*Submit your homework to Canvas by the due date and time. Email your instructor if you have extenuating circumstances and need to request an extension.

*If an exercise asks you to use R, include a copy of the code and output. Please edit your code and output to be only the relevant portions.

*If a problem does not specify how to compute the answer, you many use any appropriate method. I may ask you to use R or use manually calculations on your exams, so practice accordingly.

*You must include an explanation and/or intermediate calculations for an exercise to be complete.

*Be sure to submit the HWK3 Autograde Quiz which will give you ~20 of your 40 accuracy points.

*50 points total: 40 points accuracy, and 10 points completion

Sampling Distributions

Exercise 1: A serving of a specific type of yogurt has a sugar content that is well approximated by a Normally distributed random variable \(X\) with mean 13 g and variance: \(1.3^2 g^2\). We can consider each serving as an independent and identical draw from X.

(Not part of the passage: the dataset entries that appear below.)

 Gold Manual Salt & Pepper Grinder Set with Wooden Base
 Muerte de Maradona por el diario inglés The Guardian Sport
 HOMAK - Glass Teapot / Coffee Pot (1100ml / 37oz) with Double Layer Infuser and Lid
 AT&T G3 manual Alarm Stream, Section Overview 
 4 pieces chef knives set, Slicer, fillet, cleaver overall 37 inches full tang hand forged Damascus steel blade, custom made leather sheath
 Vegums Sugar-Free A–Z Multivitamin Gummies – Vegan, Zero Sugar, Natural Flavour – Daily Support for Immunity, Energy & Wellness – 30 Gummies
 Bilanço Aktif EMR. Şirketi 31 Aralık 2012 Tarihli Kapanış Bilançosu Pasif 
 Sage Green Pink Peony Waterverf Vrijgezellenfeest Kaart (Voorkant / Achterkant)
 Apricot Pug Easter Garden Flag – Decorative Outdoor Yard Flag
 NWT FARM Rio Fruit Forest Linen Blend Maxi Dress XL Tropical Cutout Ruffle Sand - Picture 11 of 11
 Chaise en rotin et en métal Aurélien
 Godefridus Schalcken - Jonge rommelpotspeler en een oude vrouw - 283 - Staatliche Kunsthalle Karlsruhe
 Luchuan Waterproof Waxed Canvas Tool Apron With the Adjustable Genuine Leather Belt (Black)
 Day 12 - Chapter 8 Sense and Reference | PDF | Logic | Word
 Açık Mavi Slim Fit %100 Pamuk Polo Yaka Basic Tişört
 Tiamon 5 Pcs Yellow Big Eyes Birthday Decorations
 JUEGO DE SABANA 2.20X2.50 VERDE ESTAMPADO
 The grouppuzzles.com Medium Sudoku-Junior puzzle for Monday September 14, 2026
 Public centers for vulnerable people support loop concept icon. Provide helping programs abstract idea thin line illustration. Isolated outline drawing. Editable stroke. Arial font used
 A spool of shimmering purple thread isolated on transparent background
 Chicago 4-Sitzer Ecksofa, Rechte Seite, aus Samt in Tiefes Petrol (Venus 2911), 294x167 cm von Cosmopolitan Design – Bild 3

  1. In what percent of servings will the sugar content be above 13.3 g?
pnorm(13.3,13,1.3,lower.tail=FALSE)
## [1] 0.408747

Approximately 40.87% of servings will have a sugar content above 13.3 g

  1. What is the probability that a randomly chosen serving will have a sugar content between 13.877 and 12.123? What do we call the difference: 13.877-12.123=1.754?
pnorm(13.877,13,1.3)
## [1] 0.7500399
pnorm(12.123,13,1.3)
## [1] 0.2499601

This is the interquartile range and there is a 50% probability that the sugar content will be between those values.

  1. Calculate the probability that in 6 servings, only 1 has a sugar content below 13 g.
dbinom(1,6,0.5)
## [1] 0.09375

There is a 9.375% chance that exactly 1 serving in 6 servings has a sugar content below 13 g.

  1. Describe the sampling distribution for the mean sugar content of 6 servings \[\bar{X}\]. (Give shape, mean, and standard deviation or variance, if possible)

The mean will also be 13, the standard deviation of \[\bar{X}\] is 1.3/sqrt(6) = 0.53, the variance is 0.28. Because the original variable is normally distributed, the sampling distribution of \[\bar{X}\] is also normally distributed.

(std.sample.six=1.3/sqrt(6))
## [1] 0.5307228
1.3^2/6
## [1] 0.2816667
  1. What is the interquartile range of the sampling distribution for the sample mean \(\bar{X}\) when n=6? Is that value larger or smaller than the IQR implied in part b? Why does the relative sizes of the IQRs make sense?
qnorm(0.75,13,0.5307)-qnorm(0.25,13,0.5307)
## [1] 0.7159034

The IQR of \(\bar{X}\) is 0.716 which is smaller that the original IQR. This makes sense because it is the IQR of sample means. By nature, averages/means take on less extreme values and their distribution will be much narrower.

  1. What is the probability that the mean sugar content in 6 servings is more than 13.3 g ?
pnorm(13.3,13,std.sample.six, lower.tail=FALSE)
## [1] 0.2859461

The probability that the mean sugar content in 6 servings is more than 13.3 is 28.6%

  1. Is it more or less likely that the mean sugar content is above 13.3 g in 10 servings or 6 servings (as computed in f)? Can you explain it without actually computing the new probability?

As N increases, the standard deviation of \(\bar{X}\) decreases, as standard dev. decreases, it will become less likely that the mean sugar content will be above 13.3 and our distribution becomes narrower.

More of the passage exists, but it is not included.